Source material below:
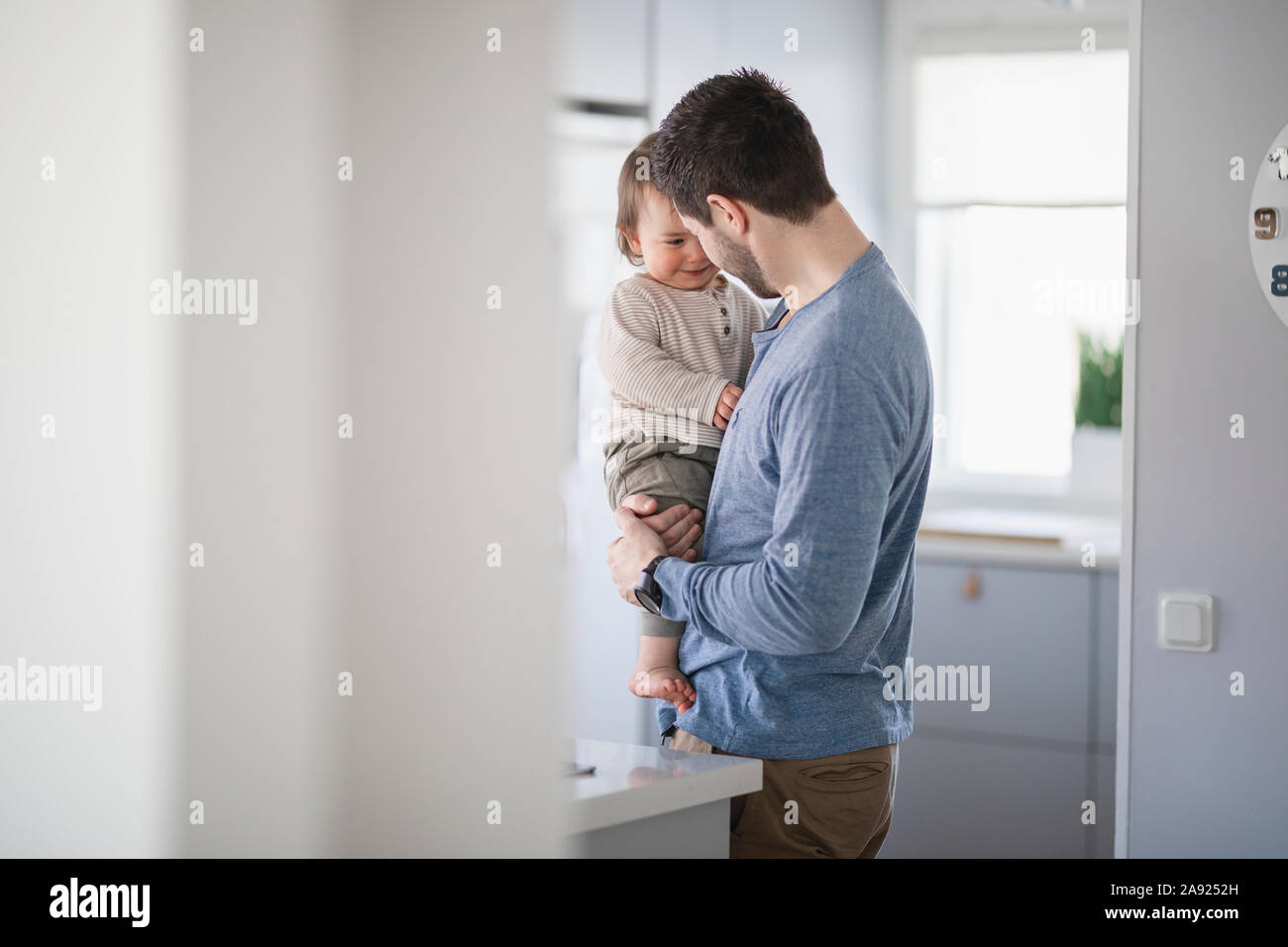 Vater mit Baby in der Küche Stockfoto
End of Source material.
Source material below:
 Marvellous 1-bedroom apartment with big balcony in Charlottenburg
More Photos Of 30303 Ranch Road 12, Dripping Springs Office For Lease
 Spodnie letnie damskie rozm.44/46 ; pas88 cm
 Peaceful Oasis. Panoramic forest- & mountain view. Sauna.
End of Source material.
Source material below:
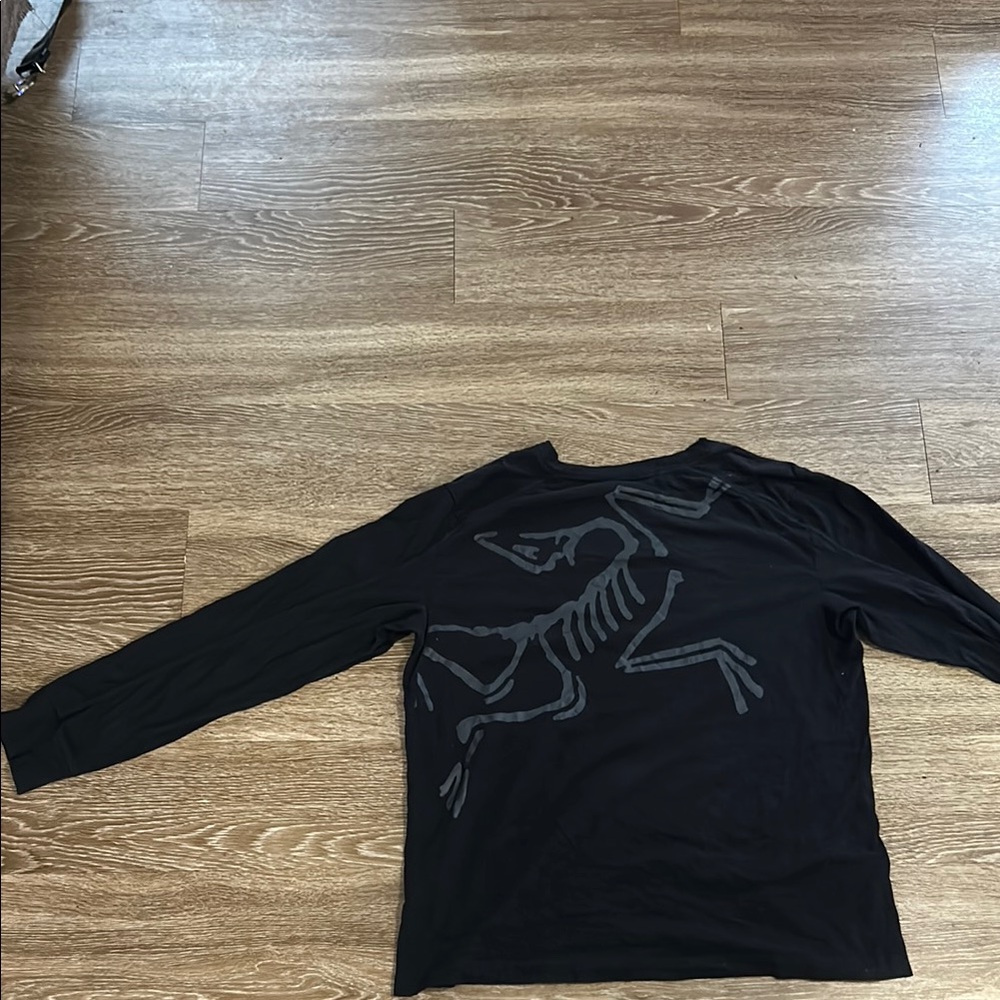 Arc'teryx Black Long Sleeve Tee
End of Source material.
Starting at the line that has "Marvellous 1-bedroom apartment" and ending at the line that has "Peaceful Oasis. Panoramic", please write out the lines above exactly, leaving out all others.

*Exercise answer*.
 Marvellous 1-bedroom apartment with big balcony in Charlottenburg
More Photos Of 30303 Ranch Road 12, Dripping Springs Office For Lease
 Spodnie letnie damskie rozm.44/46 ; pas88 cm
 Peaceful Oasis. Panoramic forest- & mountain view. Sauna.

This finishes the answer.